[INPUT DATA]

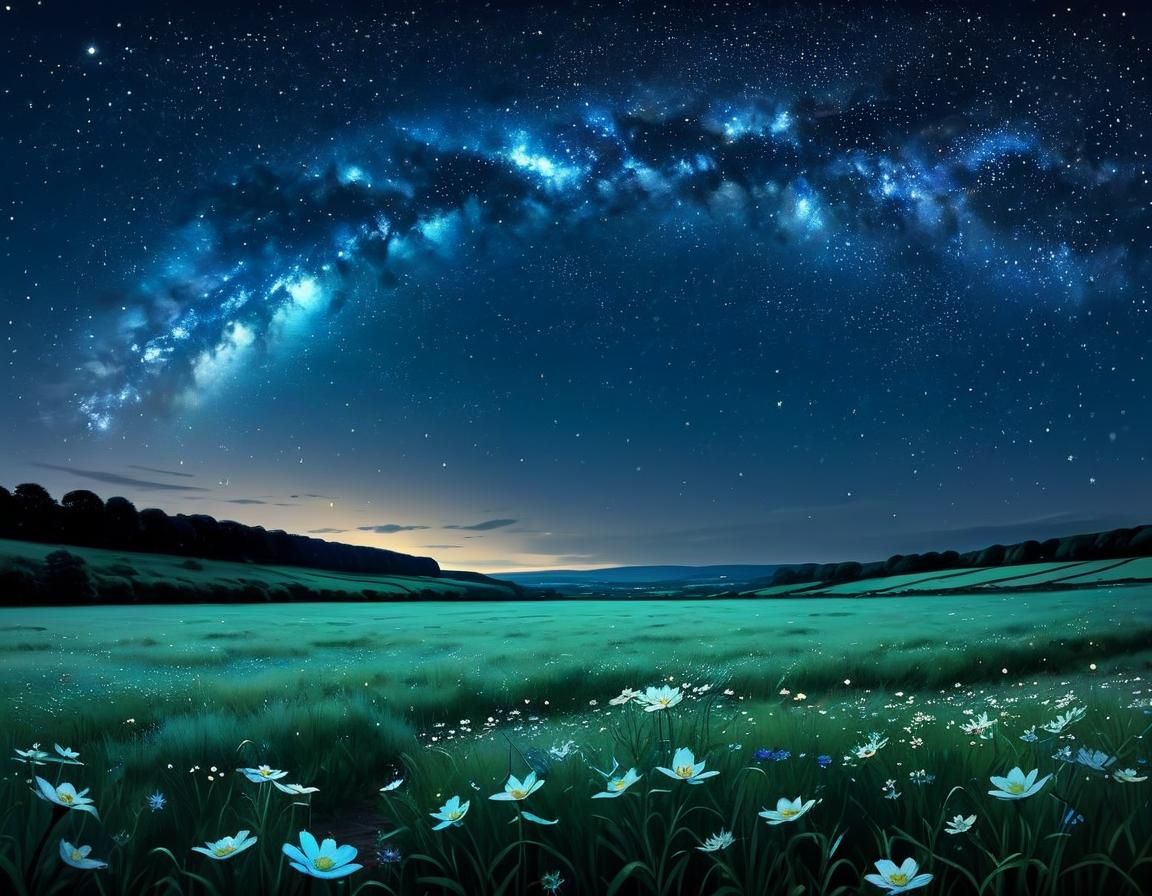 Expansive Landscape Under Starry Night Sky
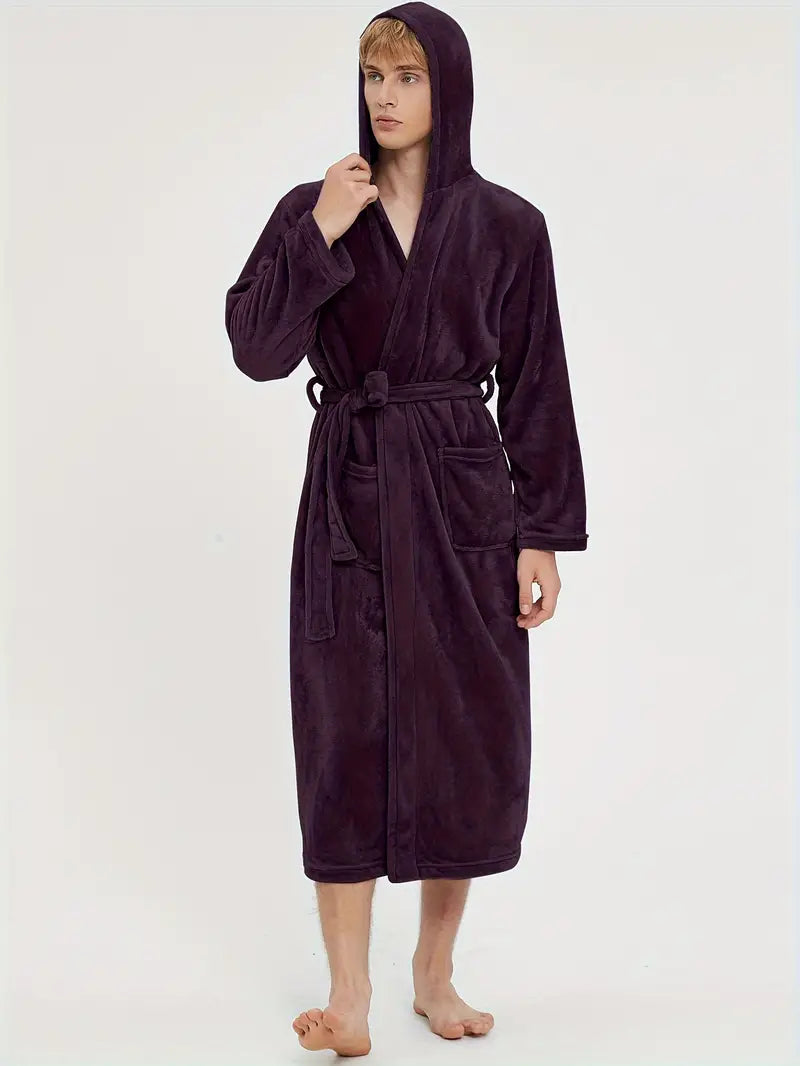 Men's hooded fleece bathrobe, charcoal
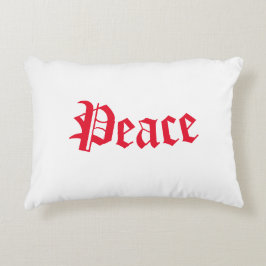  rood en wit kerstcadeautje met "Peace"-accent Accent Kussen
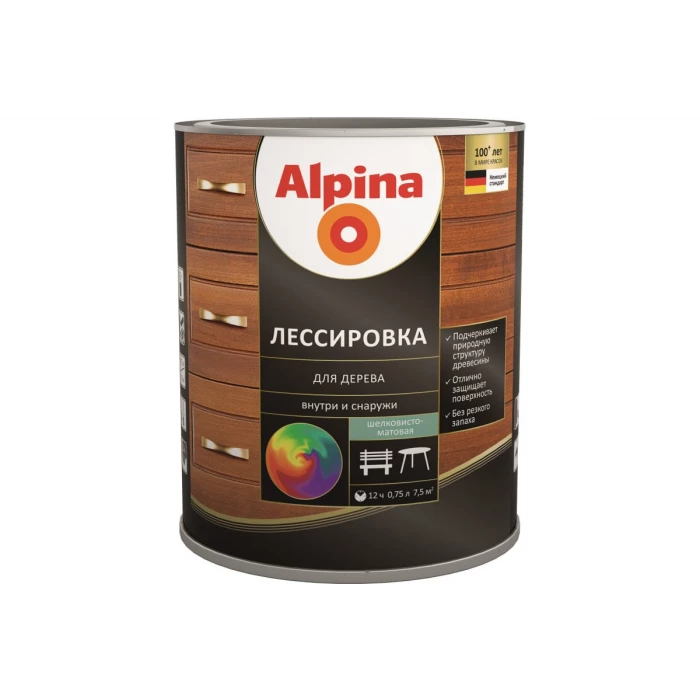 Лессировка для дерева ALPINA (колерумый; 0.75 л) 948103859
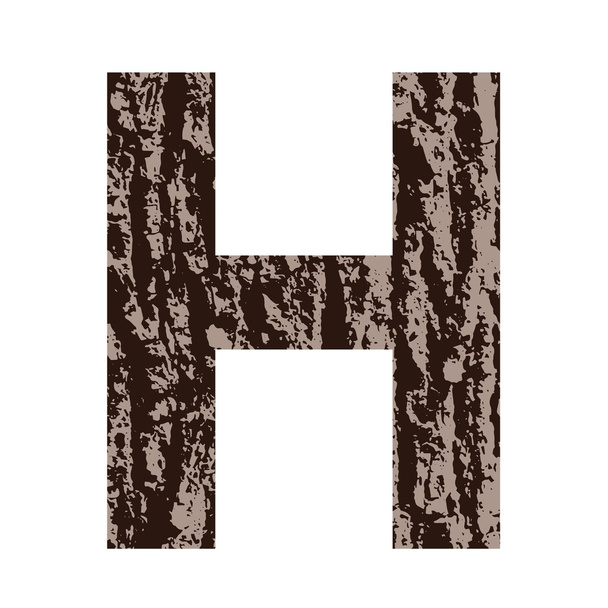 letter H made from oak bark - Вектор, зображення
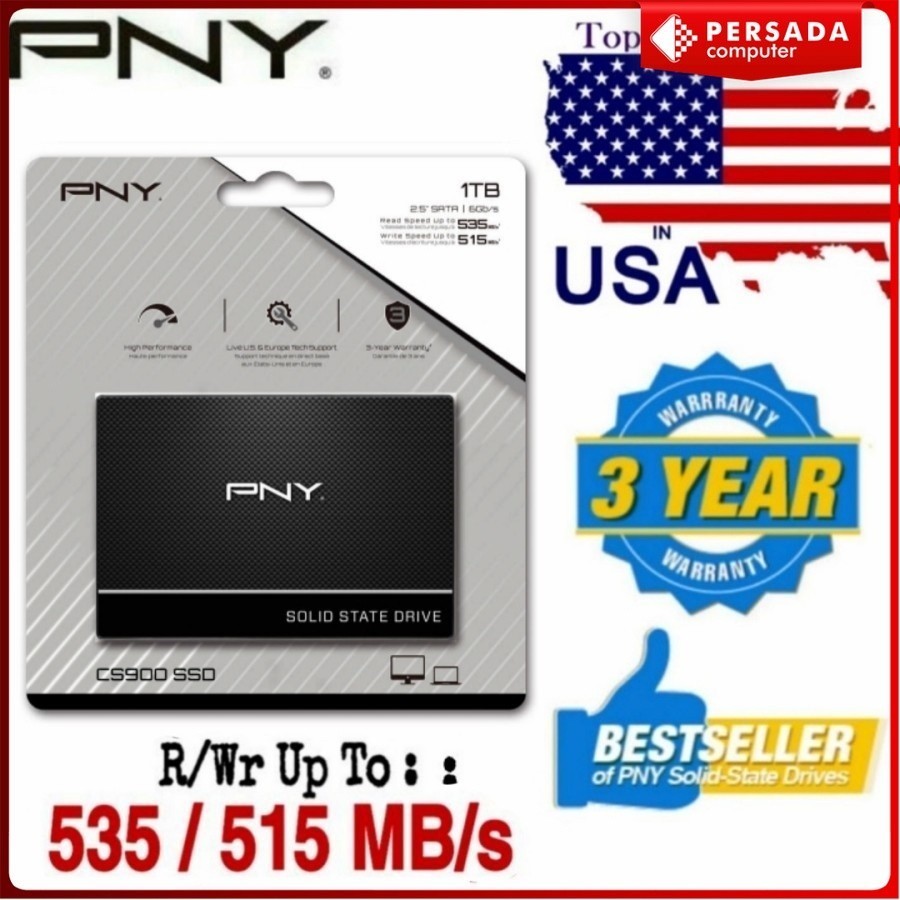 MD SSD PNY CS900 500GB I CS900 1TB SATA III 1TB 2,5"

[/INPUT DATA]
[INPUT DATA]

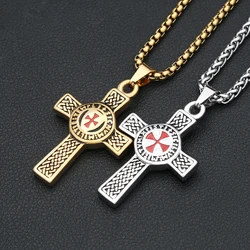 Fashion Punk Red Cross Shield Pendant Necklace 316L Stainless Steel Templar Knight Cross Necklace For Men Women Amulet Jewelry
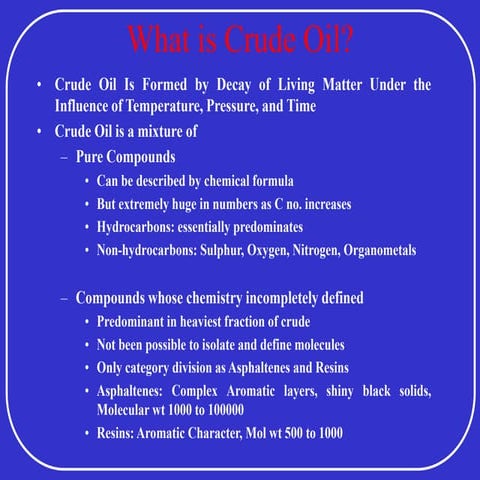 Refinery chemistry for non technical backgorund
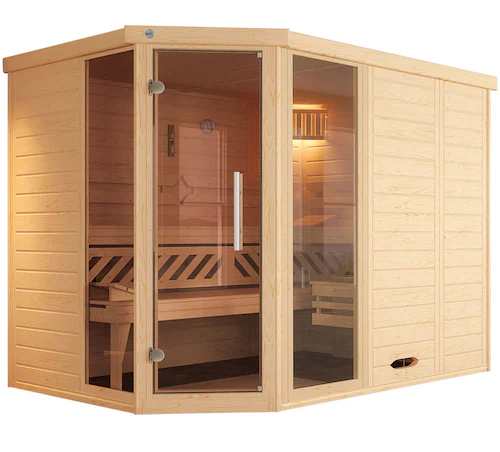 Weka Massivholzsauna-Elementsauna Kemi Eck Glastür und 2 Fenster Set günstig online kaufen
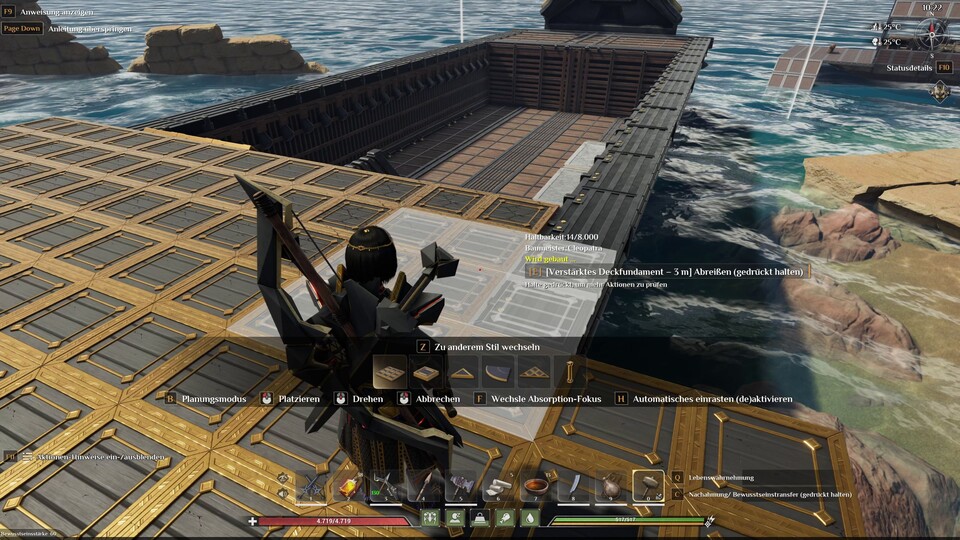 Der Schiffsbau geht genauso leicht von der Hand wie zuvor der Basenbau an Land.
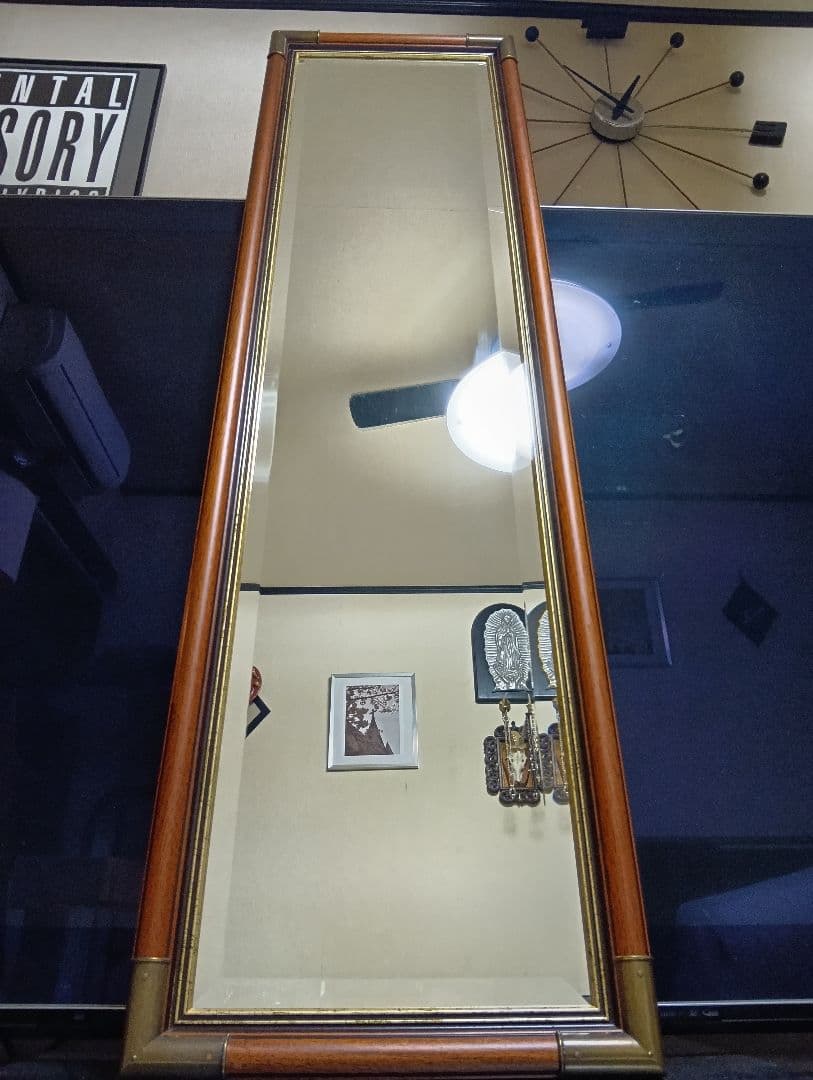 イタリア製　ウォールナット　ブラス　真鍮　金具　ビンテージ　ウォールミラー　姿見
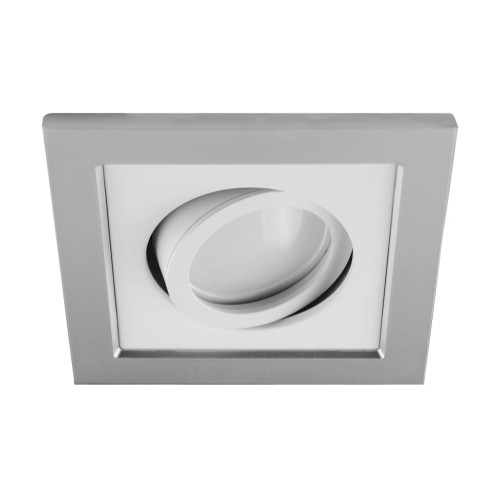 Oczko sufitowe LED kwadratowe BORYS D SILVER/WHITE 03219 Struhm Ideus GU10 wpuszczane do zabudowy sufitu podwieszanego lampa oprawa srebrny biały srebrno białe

[/INPUT DATA]

Give back exactly the lines above from the one with "Fashion Punk Red" through the one with "Der Schiffsbau geht", both included. Pictures don't belong in the copy.

◆ **THE ANSWER**
 Fashion Punk Red Cross Shield Pendant Necklace 316L Stainless Steel Templar Knight Cross Necklace For Men Women Amulet Jewelry
 Refinery chemistry for non technical backgorund
 Weka Massivholzsauna-Elementsauna Kemi Eck Glastür und 2 Fenster Set günstig online kaufen
 Der Schiffsbau geht genauso leicht von der Hand wie zuvor der Basenbau an Land.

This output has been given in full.